During the 1920s Taggard moved in Greenwich Village bohemian circles. She edited a
poetry anthology May Days, which selected verse published in the radical journals The
Masses (1911-1917) and The Liberator (1919-1924). In the anthology she included
her own poem "With Child," which first appeared in The Liberator in
December of 1921. While she considered herself a socialist ever since her school days in
Berkeley, she characterized her poems from this period as concerned with primarily
domestic issues. In the late twenties Taggard taught at Mt. Holyoke, where she began a
biography of Emily Dickinson. The Life and Mind of Emily Dickinson was
published in 1930 and reprinted in 1934. Taggard traveled to Majorca in 1931on a
Taggard became a different poet in the 1930s. The Depression’s enormous
devastation was felt almost everywhere. People banded together, and a new social
consciousness was forged among artists. Taggard had become a contributing editor of the
Marxist journal The New Masses, in which a number of her poems appeared, and for
which she also wrote articles and reviews. As proletarian literature became a distinctive
literary practice during this time, Taggard’s poetry as well explored political
subject matter such as labor strikes, class and race prejudice, and poetry as an elitist
practice; she also extended her exploration of feminist issues to include the special
problems faced by working-class women. She makes her mark most comprehensively as a social
poet in her 1936 collection, Calling Western Union. This text includes such poems
as "Everyday Alchemy" (originally published in For Eager Lovers),
"Mill Town," and "Up State–Depression Summer." Taggard frames the
collection with the memoir "Hawaii, Washington, Vermont." She draws connections
between the struggles of her early years and the poverty and helplessness she witnesses
daily in the landscape of the American Depression.
Divorced from Robert Wolf in 1934, Taggard married journalist Kenneth Durant in 1935.
Around the time of her marriage to Durant, she bought a farm in East Jamaica, Vermont.
The Vermont landscape wedded in both beauty and poverty became another source of
inspiration for her writing. She also taught for a time at Bennington College, but became
a faculty member at Sarah Lawrence in 1934. She remained there until she was rather
suspiciously forced to retire in 1947.
Throughout her life Taggard was involved in a number of causes and organizations
ranging from the Committee for the Protection of the Foreign Born, the United Committee to
Aid Vermont Marble Workers, and the North American Committee to Aid Spanish Democracy. She
was a member of the New York Teachers Union, the executive council of the League of
American Writers, and the U.S.-Soviet Friendship Committee. She also served on the
editorial committee of Young People’s Records, which was a subject of scrutiny during
the McCarthy period.
Taggard was interested in radio as a forum for poetry and read her poems over the
air. She was also interested in writing for music, and her poems appeared in
compositions by William Shuman, Aaron Copeland, Roy Harris, and Henry Leland Clarke. In Long
View (1942), Taggard continued her preoccupation with social themes as found in such
poems as "Ode in a Time of Crisis" and "To the Veterans of the Abraham
Lincoln Brigade." She further explored her musical interests as well by celebrating
indigenous American music in her four-part poem cycle "To the Negro People."
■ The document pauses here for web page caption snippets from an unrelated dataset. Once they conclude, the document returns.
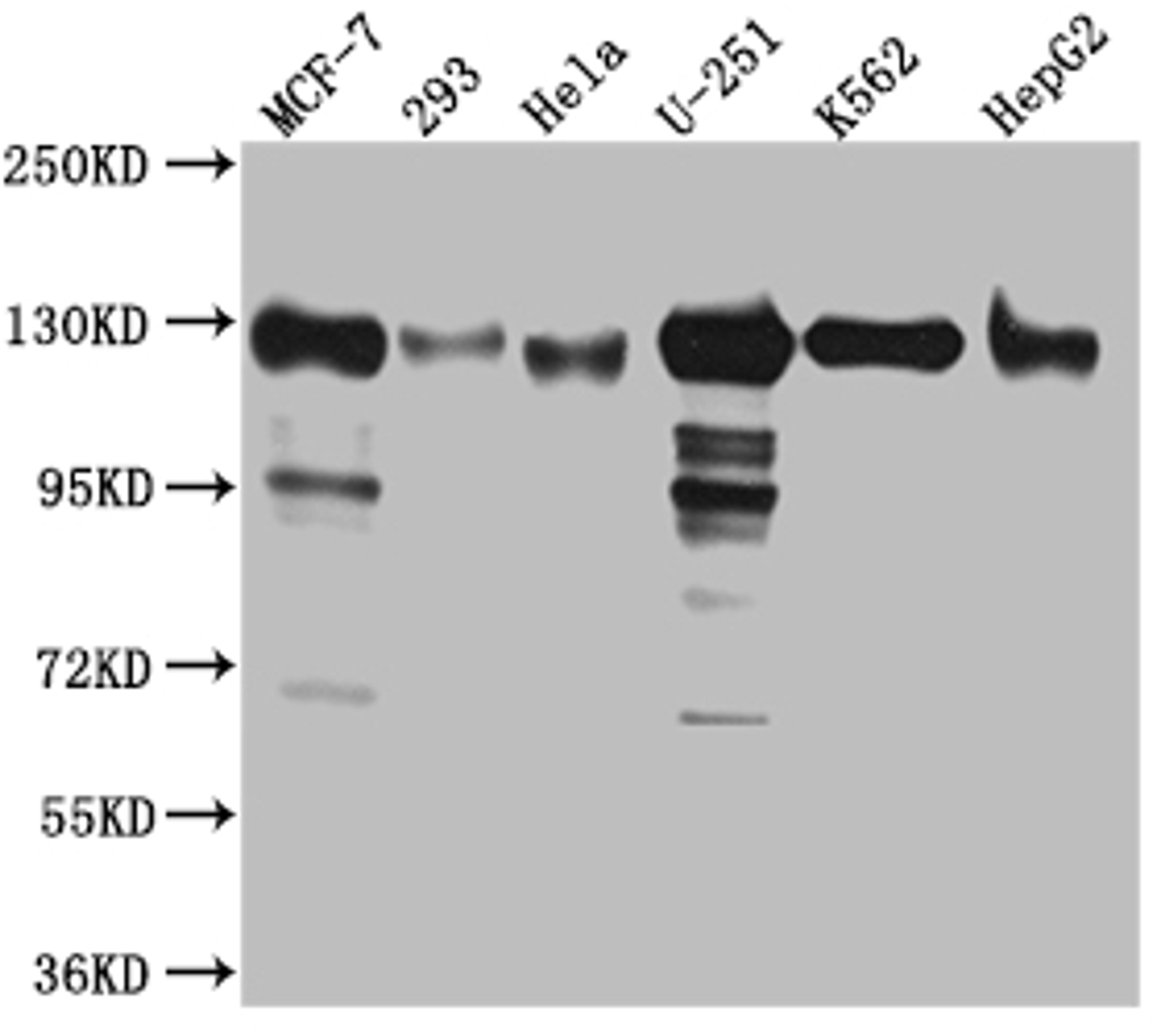Western Blot. Positive WB detected in: MCF-7 whole cell lysate, 293 whole cell lysate, Hela whole cell lysate, U-251 whole cell lysate, K562 whole cell lysate, HepG2 whole cell lysat. All lanes: Eg5 Antibody at 1:1000. Secondary. Goat polyclonal to rabbit IgG at 1/50000 dilution. Predicted band size: 120 kDa. Observed band size: 130 kDa. 
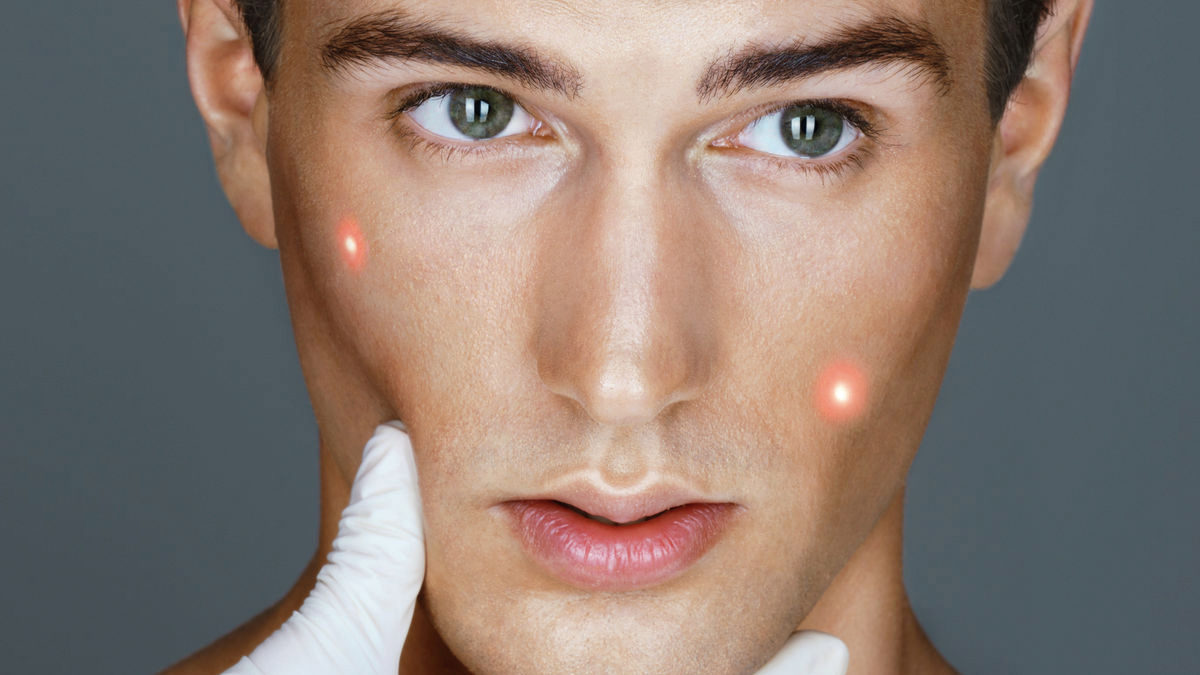 biorebitalització facial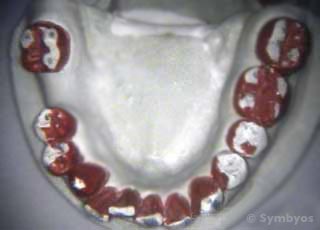 Diagnostic equilibration on dental study models (casts) before teeth are adjusted.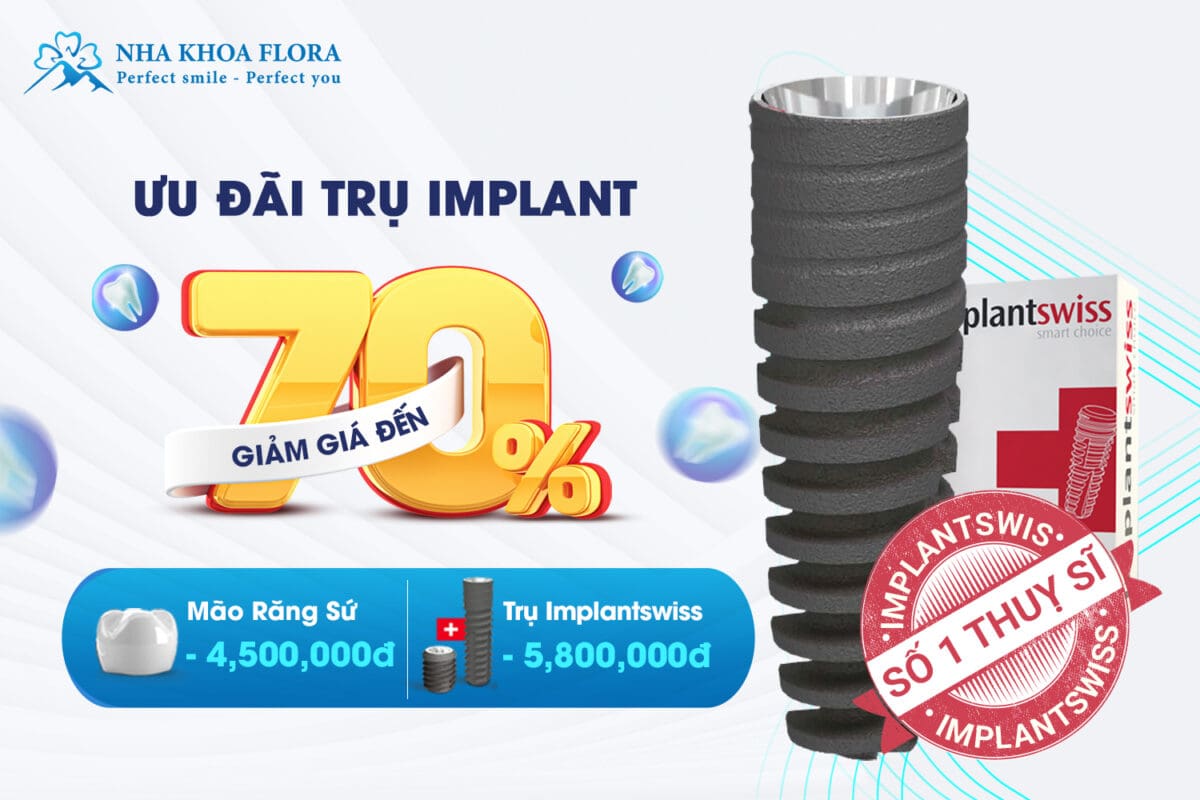Siêu ưu đãi ngày hè dành cho trồng răng Implant - lên đến 70%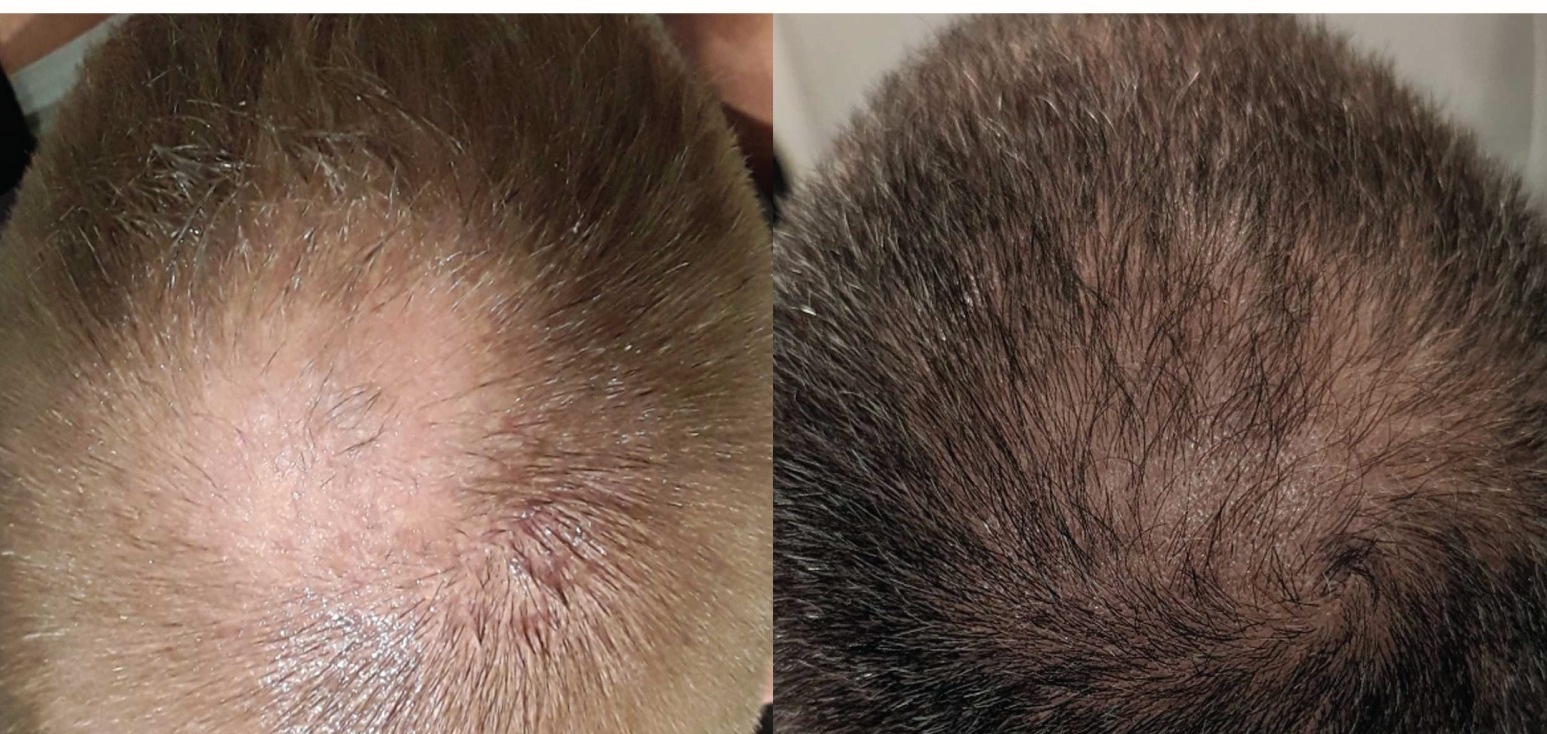 Hair restoration progress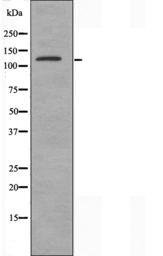Anti-ALPK1 antibody used in Western Blot (WB). GTX01077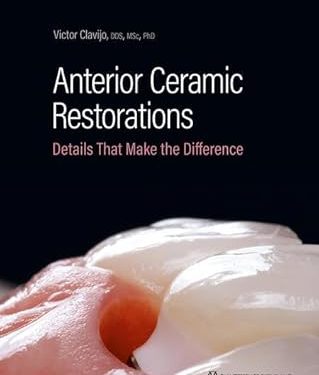 Anterior Ceramic Restorations: Details That Make the Difference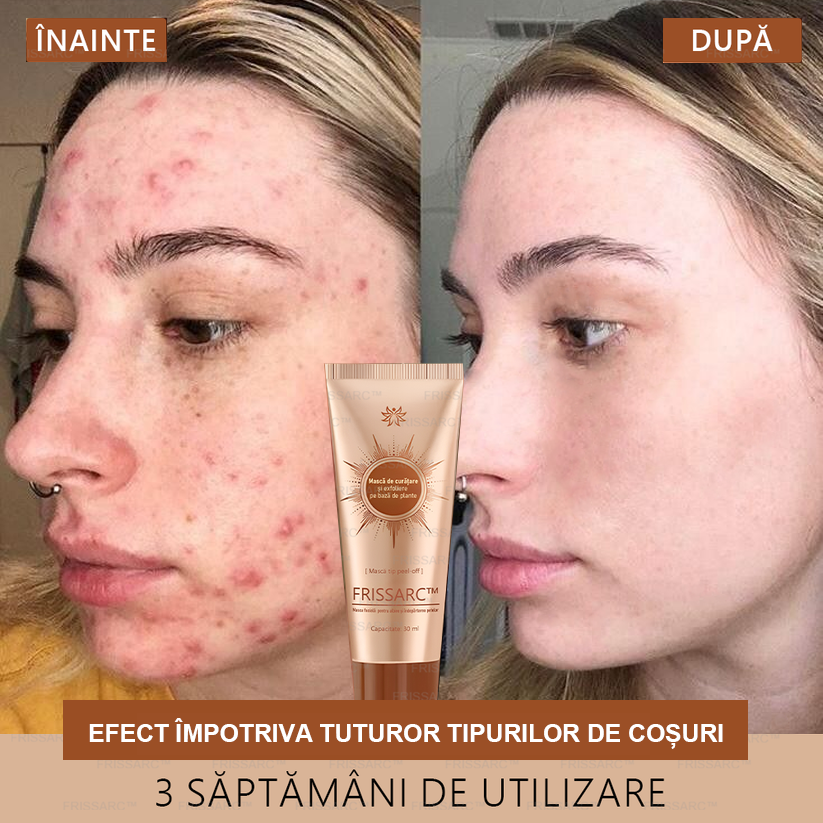 🎁 Felicitări! Te numeri printre primele 200 de comenzi! Profită acum de o reducere suplimentară de 50%! Acționează acum pentru a avea grijă de sănătatea pielii tale. Dacă ratezi această ocazie, la anul s-ar putea să nu mai existe! 🎁 Grăbește-te!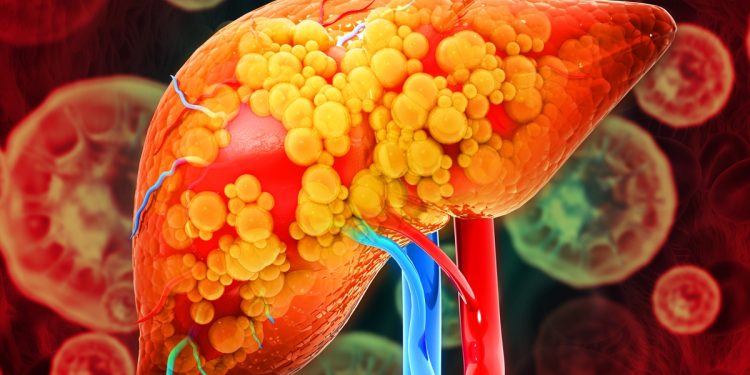 Exagerar no álcool às vezes pode triplicar risco de problema no fígado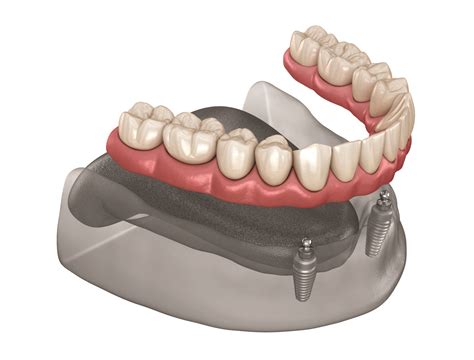 Snap On Dentures | Burns Dentistry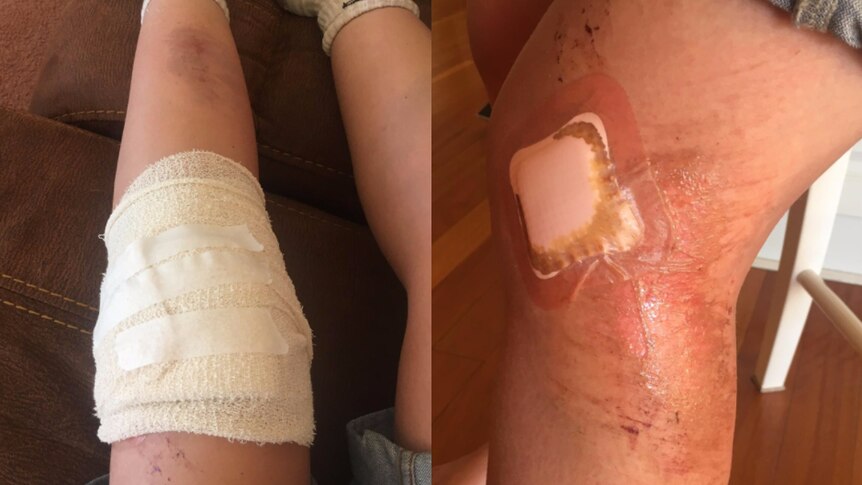 Photos of dressed injuries - scrapes and bruises - on Olivia Jones' legs. Olivia was caught in a crowd stampede.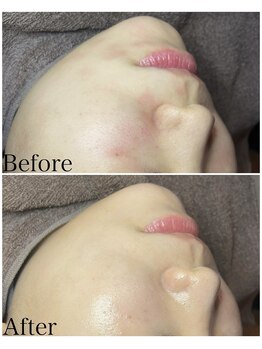 ブラックボックス(BLACK BOX)/20代女性のお客様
Considering Taggard’s rather short lived career–she died at age fifty-three of
complications from high blood pressure–she was remarkably prolific. She published
thirteen books of verse, including a selection of her early work, Traveling Standing
Still (1928) and Collected Poems 1918-1938 (1938). She edited four books,
including Circumference: Varieties of Metaphysical Verse, 1459-1928 (1929) and her
biography of Emily Dickinson. None of her books are currently in print.